Work required – Please print only the top portion of the entries below, ending with the line that contains "Capacitor; polypropylene; motor;", exactly as written.

*** Opening of Exercise data ***

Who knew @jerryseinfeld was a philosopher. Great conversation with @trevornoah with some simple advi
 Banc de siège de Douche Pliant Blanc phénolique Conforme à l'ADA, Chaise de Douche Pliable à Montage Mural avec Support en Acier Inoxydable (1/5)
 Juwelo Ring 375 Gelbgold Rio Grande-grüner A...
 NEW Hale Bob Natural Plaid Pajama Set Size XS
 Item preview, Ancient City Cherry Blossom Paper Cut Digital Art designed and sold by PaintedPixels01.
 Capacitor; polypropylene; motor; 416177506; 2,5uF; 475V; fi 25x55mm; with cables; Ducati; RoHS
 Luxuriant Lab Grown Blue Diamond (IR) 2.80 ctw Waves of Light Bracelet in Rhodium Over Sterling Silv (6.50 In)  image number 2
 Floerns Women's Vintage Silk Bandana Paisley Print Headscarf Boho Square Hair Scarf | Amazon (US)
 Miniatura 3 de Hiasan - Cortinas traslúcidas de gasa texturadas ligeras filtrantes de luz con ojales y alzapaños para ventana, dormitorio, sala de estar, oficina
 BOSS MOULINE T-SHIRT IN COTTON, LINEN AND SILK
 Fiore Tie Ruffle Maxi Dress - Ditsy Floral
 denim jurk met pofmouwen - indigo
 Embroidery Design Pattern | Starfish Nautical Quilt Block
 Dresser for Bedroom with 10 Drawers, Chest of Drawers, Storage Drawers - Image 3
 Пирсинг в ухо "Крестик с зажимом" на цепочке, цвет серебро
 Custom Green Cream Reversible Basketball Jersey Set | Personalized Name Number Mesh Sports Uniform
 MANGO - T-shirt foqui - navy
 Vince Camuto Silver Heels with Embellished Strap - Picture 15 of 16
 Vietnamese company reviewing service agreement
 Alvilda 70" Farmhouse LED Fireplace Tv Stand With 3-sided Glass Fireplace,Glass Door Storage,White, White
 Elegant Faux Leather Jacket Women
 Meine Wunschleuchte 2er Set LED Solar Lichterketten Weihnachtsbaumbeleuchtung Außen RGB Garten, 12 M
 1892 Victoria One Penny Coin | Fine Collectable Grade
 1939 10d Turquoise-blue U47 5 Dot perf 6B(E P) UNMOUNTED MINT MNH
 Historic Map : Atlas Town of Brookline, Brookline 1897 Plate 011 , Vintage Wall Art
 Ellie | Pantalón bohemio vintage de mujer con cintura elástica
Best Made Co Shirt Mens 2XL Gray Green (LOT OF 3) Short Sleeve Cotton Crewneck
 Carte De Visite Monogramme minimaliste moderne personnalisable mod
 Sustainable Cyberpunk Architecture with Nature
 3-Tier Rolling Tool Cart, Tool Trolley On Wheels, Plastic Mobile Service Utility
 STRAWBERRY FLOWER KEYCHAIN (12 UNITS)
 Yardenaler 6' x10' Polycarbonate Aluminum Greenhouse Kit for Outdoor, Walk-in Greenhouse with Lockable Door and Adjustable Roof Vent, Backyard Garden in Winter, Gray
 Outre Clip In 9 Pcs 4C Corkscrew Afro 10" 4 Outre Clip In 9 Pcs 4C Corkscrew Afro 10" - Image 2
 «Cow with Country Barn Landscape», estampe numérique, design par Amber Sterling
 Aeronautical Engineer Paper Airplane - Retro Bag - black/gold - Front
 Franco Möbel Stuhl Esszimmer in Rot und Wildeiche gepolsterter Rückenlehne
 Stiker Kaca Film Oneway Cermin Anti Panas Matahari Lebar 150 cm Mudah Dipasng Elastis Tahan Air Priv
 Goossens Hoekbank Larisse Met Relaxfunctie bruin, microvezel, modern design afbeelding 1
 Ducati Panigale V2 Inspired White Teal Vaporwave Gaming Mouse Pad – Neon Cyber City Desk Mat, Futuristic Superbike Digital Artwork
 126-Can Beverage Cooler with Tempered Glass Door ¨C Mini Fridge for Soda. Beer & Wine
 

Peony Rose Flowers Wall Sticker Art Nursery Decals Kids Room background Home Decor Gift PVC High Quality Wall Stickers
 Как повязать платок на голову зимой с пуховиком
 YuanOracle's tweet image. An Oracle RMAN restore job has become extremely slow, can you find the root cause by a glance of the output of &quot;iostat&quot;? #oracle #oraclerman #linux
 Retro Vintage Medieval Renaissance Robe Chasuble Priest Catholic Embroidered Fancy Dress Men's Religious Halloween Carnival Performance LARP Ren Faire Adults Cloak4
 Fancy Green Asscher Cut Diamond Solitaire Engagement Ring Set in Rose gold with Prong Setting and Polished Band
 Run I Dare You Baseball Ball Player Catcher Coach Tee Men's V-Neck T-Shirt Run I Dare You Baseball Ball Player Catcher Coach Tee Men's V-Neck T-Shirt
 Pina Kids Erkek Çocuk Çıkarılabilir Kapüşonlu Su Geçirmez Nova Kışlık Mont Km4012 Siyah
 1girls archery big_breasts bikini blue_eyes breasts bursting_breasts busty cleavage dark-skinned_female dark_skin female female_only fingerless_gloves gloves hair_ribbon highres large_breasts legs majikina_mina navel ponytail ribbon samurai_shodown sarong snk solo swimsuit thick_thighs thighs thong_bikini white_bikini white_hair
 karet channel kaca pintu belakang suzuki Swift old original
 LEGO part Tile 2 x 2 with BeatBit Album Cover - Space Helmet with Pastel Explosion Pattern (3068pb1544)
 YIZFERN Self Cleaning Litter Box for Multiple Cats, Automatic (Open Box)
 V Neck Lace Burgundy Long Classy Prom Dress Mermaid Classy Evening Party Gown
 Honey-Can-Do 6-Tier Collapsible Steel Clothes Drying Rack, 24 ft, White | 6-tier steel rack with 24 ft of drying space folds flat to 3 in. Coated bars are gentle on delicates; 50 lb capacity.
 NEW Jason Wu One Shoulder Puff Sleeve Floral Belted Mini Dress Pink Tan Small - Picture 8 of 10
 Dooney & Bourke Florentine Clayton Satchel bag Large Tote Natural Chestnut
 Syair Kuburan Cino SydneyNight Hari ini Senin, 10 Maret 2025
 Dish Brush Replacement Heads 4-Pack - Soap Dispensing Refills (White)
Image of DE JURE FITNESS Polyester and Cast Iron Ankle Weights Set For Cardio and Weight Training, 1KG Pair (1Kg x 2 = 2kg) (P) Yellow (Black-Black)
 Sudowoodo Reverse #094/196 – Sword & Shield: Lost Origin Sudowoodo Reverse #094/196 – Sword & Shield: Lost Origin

*** Close of Exercise data ***

The answer –
Who knew @jerryseinfeld was a philosopher. Great conversation with @trevornoah with some simple advi
 Banc de siège de Douche Pliant Blanc phénolique Conforme à l'ADA, Chaise de Douche Pliable à Montage Mural avec Support en Acier Inoxydable (1/5)
 Juwelo Ring 375 Gelbgold Rio Grande-grüner A...
 NEW Hale Bob Natural Plaid Pajama Set Size XS
 Item preview, Ancient City Cherry Blossom Paper Cut Digital Art designed and sold by PaintedPixels01.
 Capacitor; polypropylene; motor; 416177506; 2,5uF; 475V; fi 25x55mm; with cables; Ducati; RoHS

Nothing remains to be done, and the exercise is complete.